Direktur Commercial Banking Bank Mandiri, Totok Priyambodo, mengonfirmasi bahwa hingga akhir semester I-2026, rasio NPL perseroan tercatat sebesar 0,98%. Angka ini menjadi bukti nyata kehati-hatian Bank Mandiri dalam penyaluran kredit, meskipun target pertumbuhan yang tinggi tetap dikejar.
"Hingga akhir semester I 2026 kami mampu menjaga kualitas aset tercermin NPL 0,98%. Di saat yang sama, profitabilitas berada di level yang sangat sehat, dengan ROE 24,3% dan ROA 3,10%," ujar Totok Priyambodo dalam kesempatan tersebut.
Segmen kredit komersial menjadi salah satu pilar utama pertumbuhan bisnis Bank Mandiri. Hingga semester I-2026, total penyaluran kredit untuk segmen ini mencapai Rp343 triliun.
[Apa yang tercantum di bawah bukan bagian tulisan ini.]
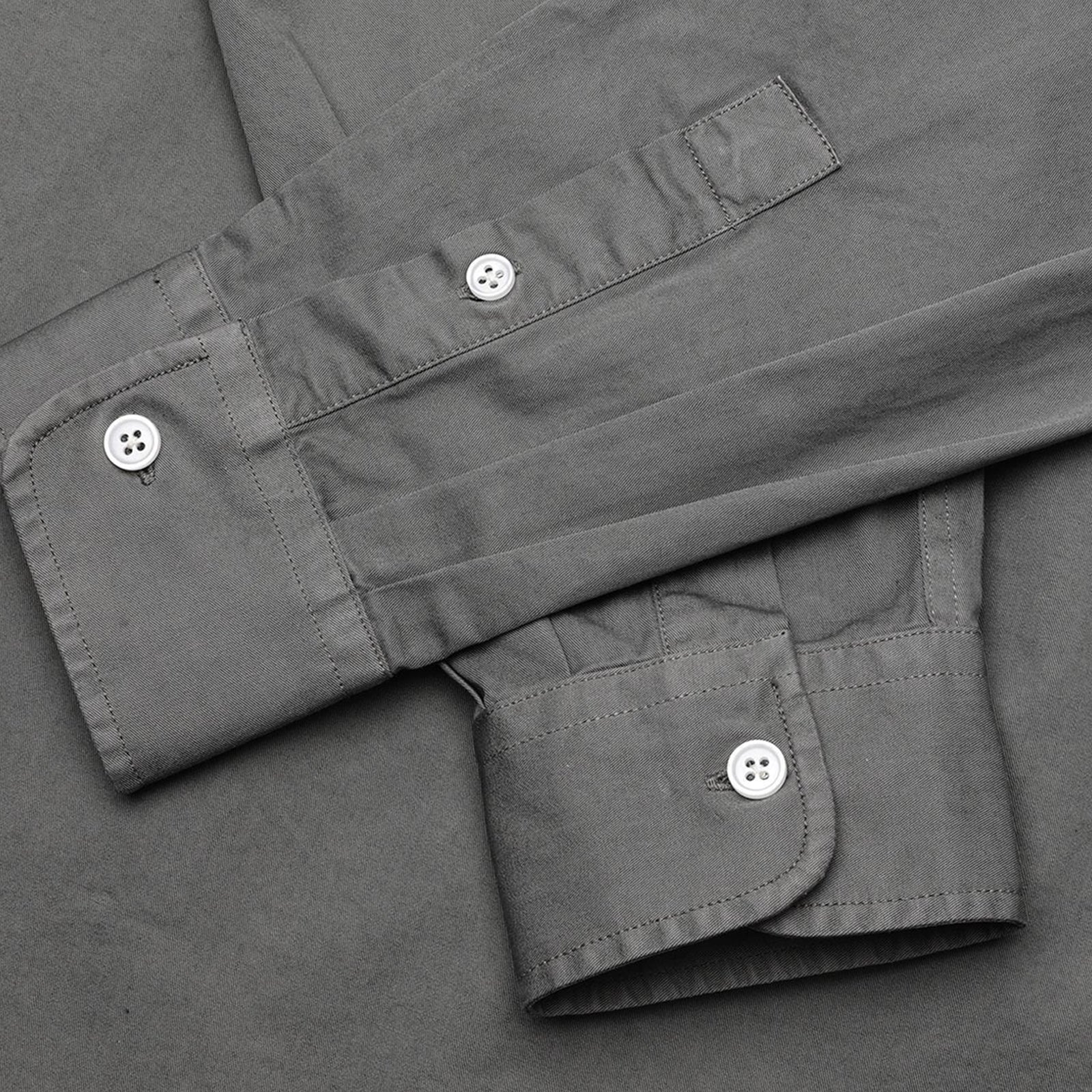 GARMENT PROJECT MAN Relaxed LS Button Down Shirt - Grey Garment Dyed Shirt 400 Grey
Angka ini menunjukkan pertumbuhan sebesar 15% secara tahunan, dengan rata-rata pertumbuhan 18% dalam tiga tahun terakhir.
Kualitas pertumbuhan kredit komersial ini juga sangat baik, tercermin dari rasio NPL segmen komersial yang berhasil dijaga di level 0,63%. Totok Priyambodo menjelaskan bahwa pertumbuhan ini tidak hanya dari sisi kuantitas, tetapi juga kualitas.
"Sebaran ini menunjukkan pertumbuhan ekonomi tidak hanya di pusat-pusat bisnis, tapi juga semakin merata ke berbagai daerah," kata Totok Priyambodo, merujuk pada data sebaran pertumbuhan kredit komersial di berbagai wilayah Indonesia.
Pertumbuhan kredit komersial tertinggi tercatat di wilayah Jakarta dan Banten sebesar 19,1%, diikuti oleh Kalimantan dengan 15,3%, Jawa dan DIY dengan 11,7%, serta Sumatera dan wilayah lainnya sebesar 6,78%. Data ini mengindikasikan pemerataan pembangunan ekonomi.
Bank Mandiri memposisikan diri sebagai mitra strategis bagi 55 ribu pelaku usaha komersial yang tersebar di seluruh Indonesia. Peran ini penting dalam mendukung perusahaan lokal untuk naik kelas menjadi pemain nasional dan mendorong daya saing usaha di berbagai daerah.